Experiment with the candid camera
Cecilia Ștefănescu
How many of us did not stay with their eyes glued to the TV set, watching Big Brother? Some would hypocritically say they are not watching "this kind of crap". The honest ones, maybe even a bunch of intellectuals with a sense of humour, will admit having watched it, just like they are watching other shows with direct access to the human emotional reactions: pain, suffering, jealousy, love, etc. We secretly hope to be the beyond-the-screen witnesses of events forcing out limits. This is one of the reason why I liked Guinea pigs, the screenplay written by Vali Florescu and Lia Bugnar, because here we find, dug up and placed on the table, the most secret and most hard to confess expectations of today's television audience, and also, next to this hunger for sensationalism, the real life, the life-changing event.In fact, Guinea pigs is eventually a love story in which the tragic situations fuse with the comic ones. Ileana, the protagonist of a television experiment of the candid camera type, and Sebastian, apparently an ordinary man, who happens to be the guinea pig of this experiment, get involved in a story full of suspense, a quite unpredictable one, with an ending resembling to that of a thriller, where neither the victim, nor the hangman are what they first seem to be. In a way, the two authors are playing extremely intelligently with our wishes and expectations, launching us on false tracks, until the moment when, after having outcheated the very system which had organized the big cheating game, they put in front of us an unexpected, tragic, outcome.

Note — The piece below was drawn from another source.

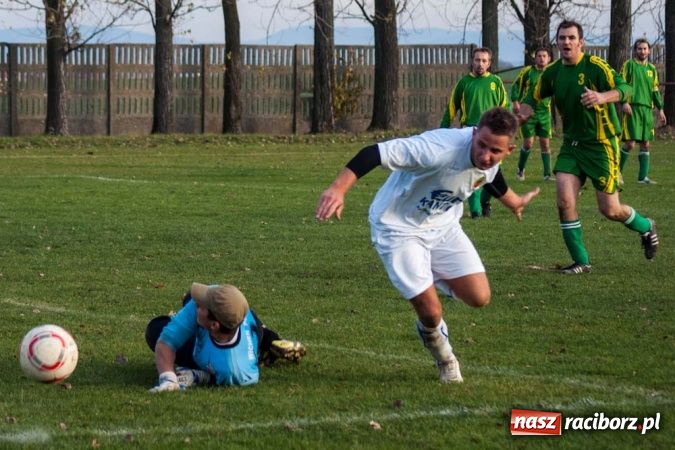 Zdjęcie w galerii na portalu naszraciborz.pl: Płonia górą. Owsiszcze były swoim cieniem wiadomości z regionu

Guinea pigs is made of two symmetrical parts, equally perfect from the structural point of view – the candid camera and the studio room, if you like -, which can function even autonomously from one another, but which, reunited, make up the story of a relationship, which is as simple as it is spectacular. The candid camera of television has a matching correspondent in the hidden room of each of us.
Many have said that Big Brother was set up. I have no doubt that this was true in the beginning. But I also think that, as people started to know each other better, to enter interpersonal relations, the arrangement slowly escaped a little from the organizers' hands. What if, let's say, one of the contestants would have gone mad and taken all the others hostages, threatening he is going to kill them? Would the show have stopped? What TV audience member would have turned off his TV then? This is the experiment that Vali Florescu and Lia Bugnar are inviting us to participate in. In the end, they seem to say: beware of what you wish for, it may really happen!